Record extracts —
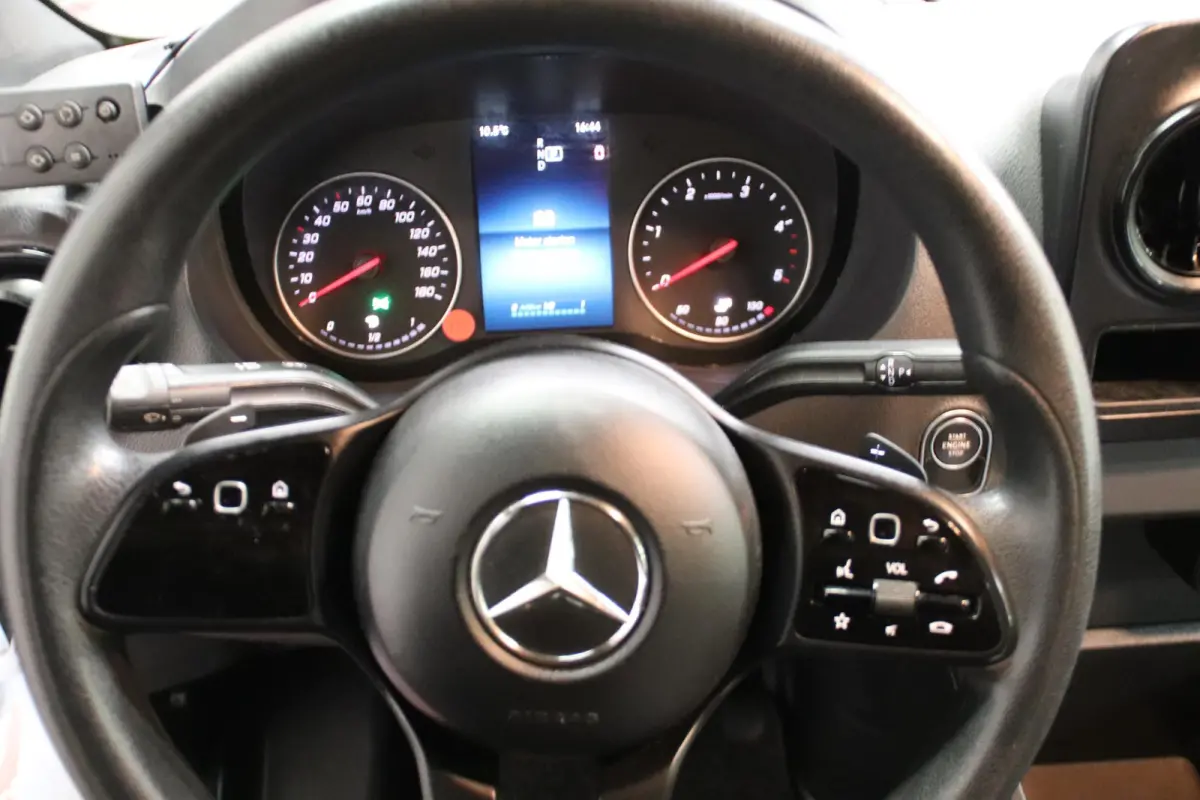 314 KOELWAGEN MEUBELBAK EURO 6 AUTOMAAT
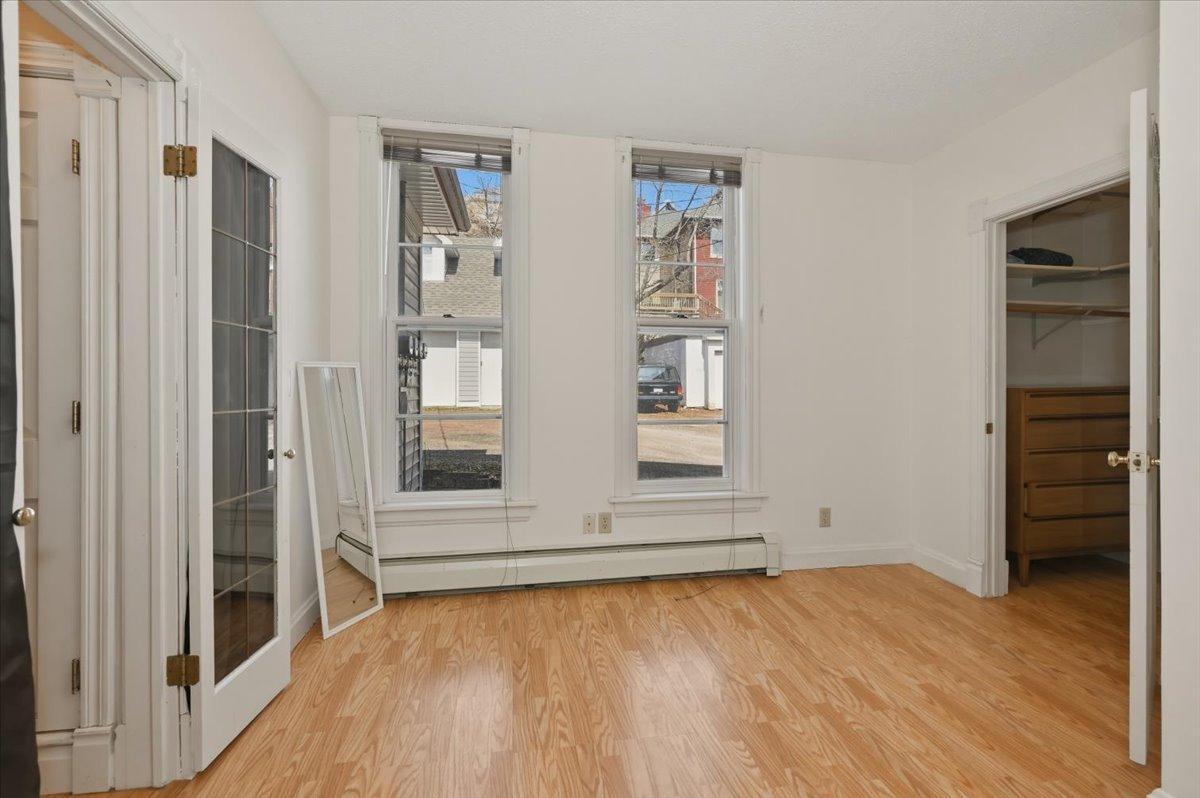 1727 E Superior Street Property Photo 25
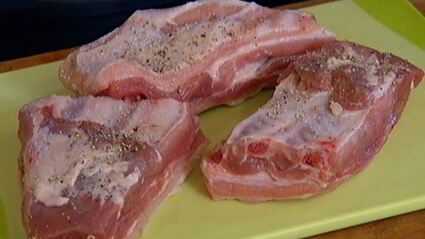 свиные ребрышки с грибами и красной фасолью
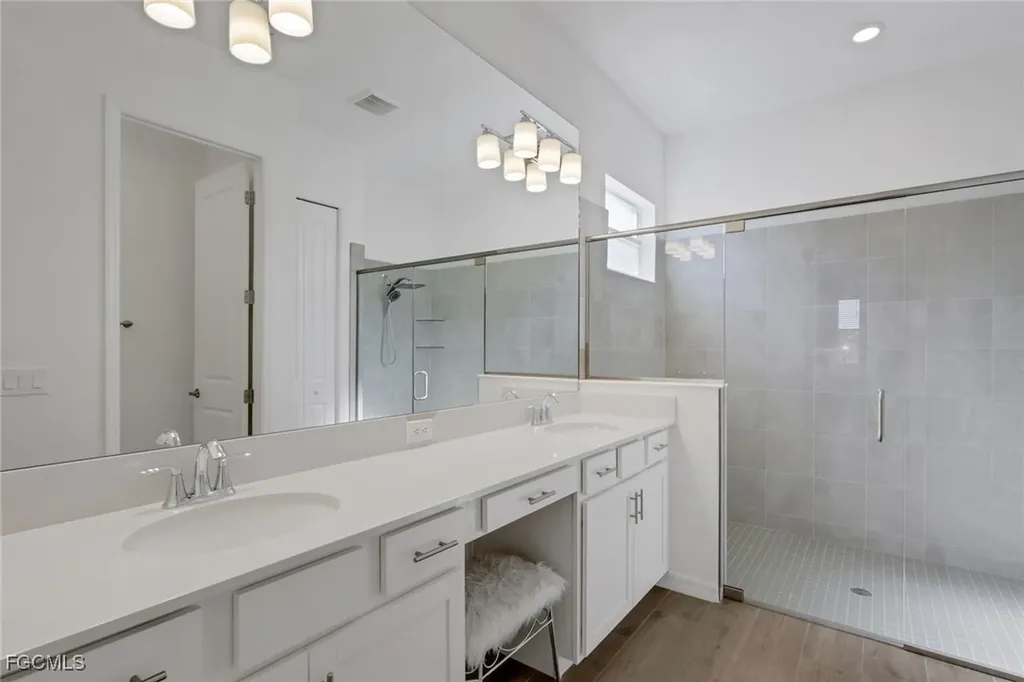 5368 Fancourt Links Way Ave Maria FL 34142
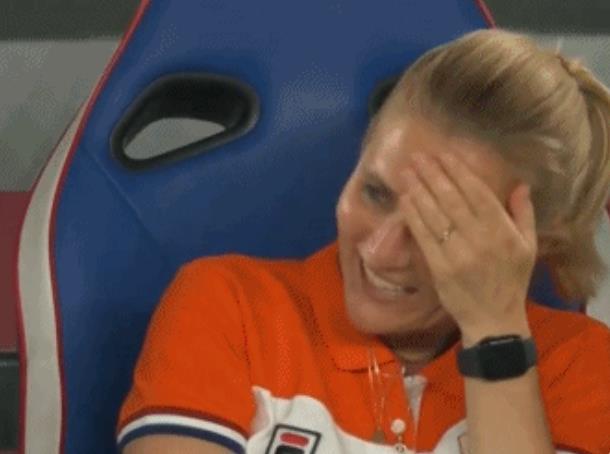 中国女足奥运会被打进8球:对方主帅当场捂脸大笑!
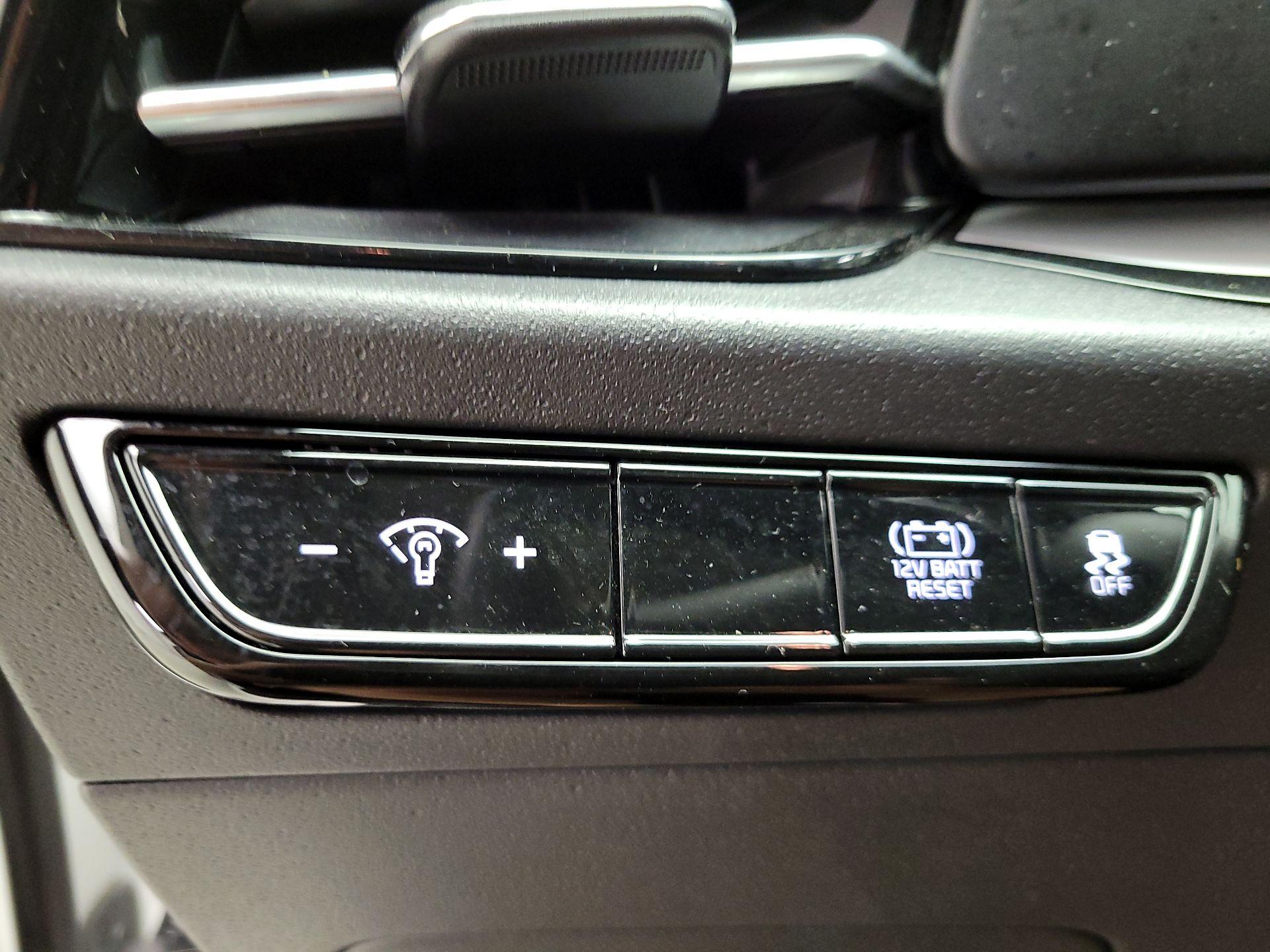 Thumbnail: 2024 Kia Niro - 13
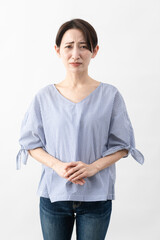 私服姿の女性　ライフスタイルイメージ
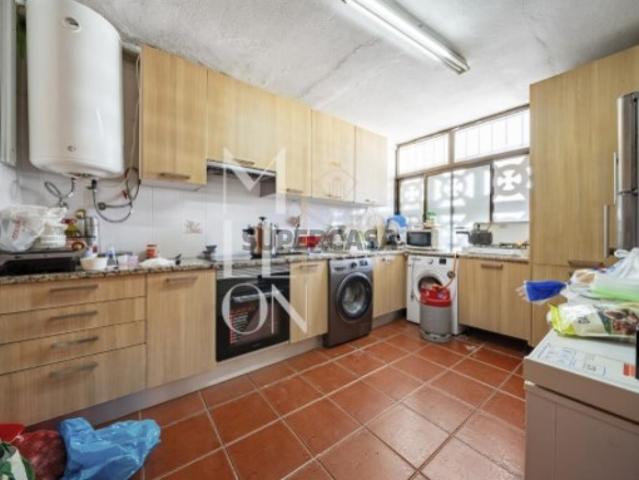 Apartamento T2 com Elevada Rentabilidade em Albufeira Excelente Oportunidade de Investimento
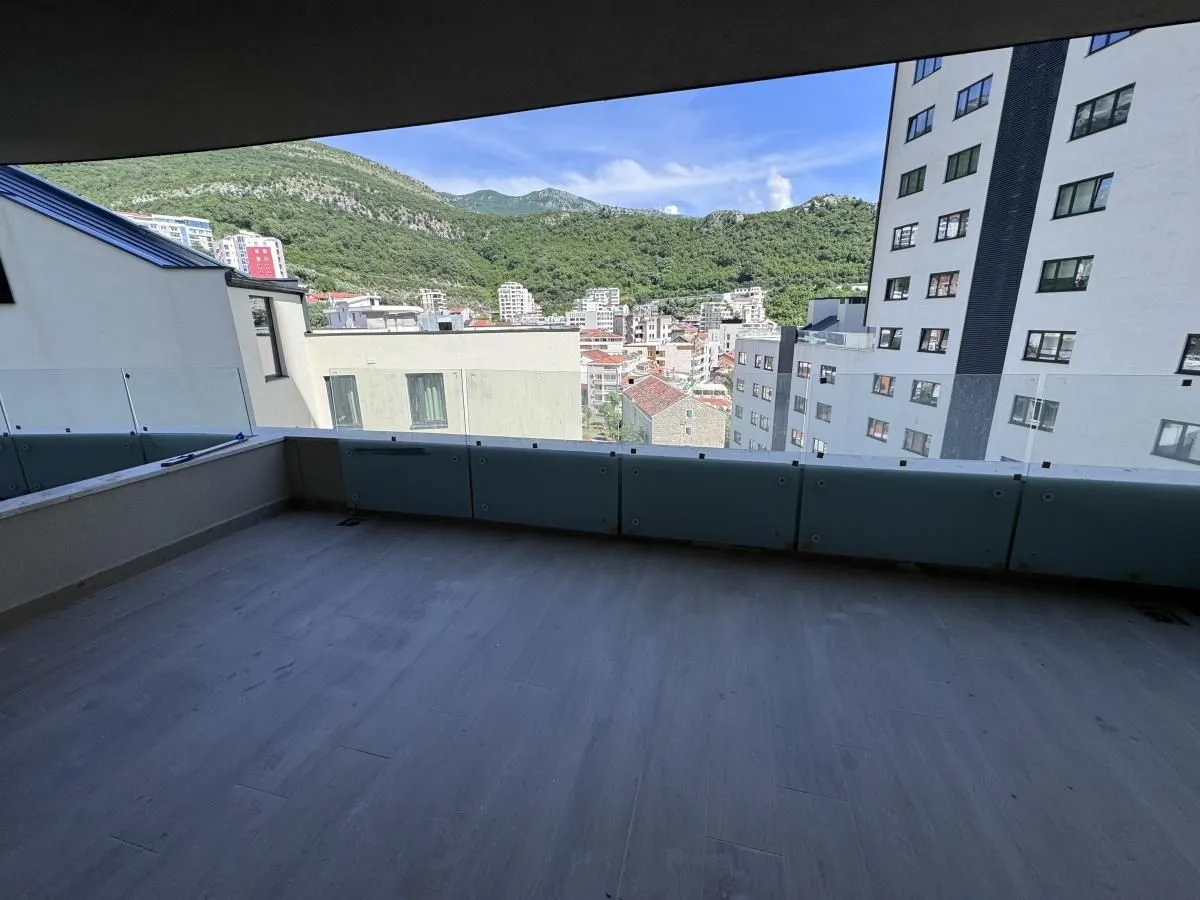 Sale, one bedroom apartment, 66m², Rafailovići, Budva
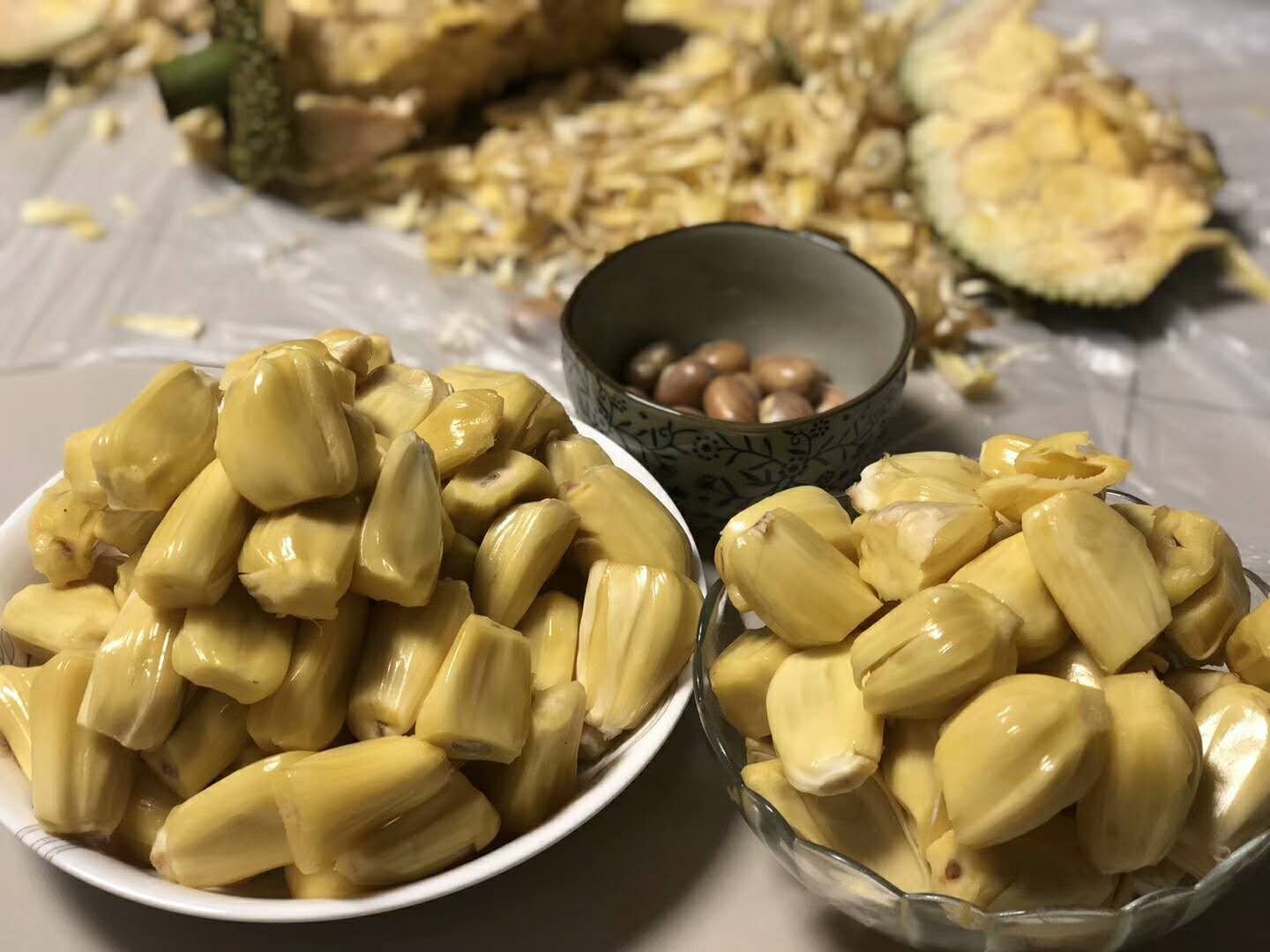 菠萝蜜果肉与果壳对比图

Task statement — Could you transcribe the material above exactly, keeping every picture out?

Your response —
 314 KOELWAGEN MEUBELBAK EURO 6 AUTOMAAT
 1727 E Superior Street Property Photo 25
 свиные ребрышки с грибами и красной фасолью
 5368 Fancourt Links Way Ave Maria FL 34142
 中国女足奥运会被打进8球:对方主帅当场捂脸大笑!
 Thumbnail: 2024 Kia Niro - 13
 私服姿の女性　ライフスタイルイメージ
 Apartamento T2 com Elevada Rentabilidade em Albufeira Excelente Oportunidade de Investimento
 Sale, one bedroom apartment, 66m², Rafailovići, Budva
 菠萝蜜果肉与果壳对比图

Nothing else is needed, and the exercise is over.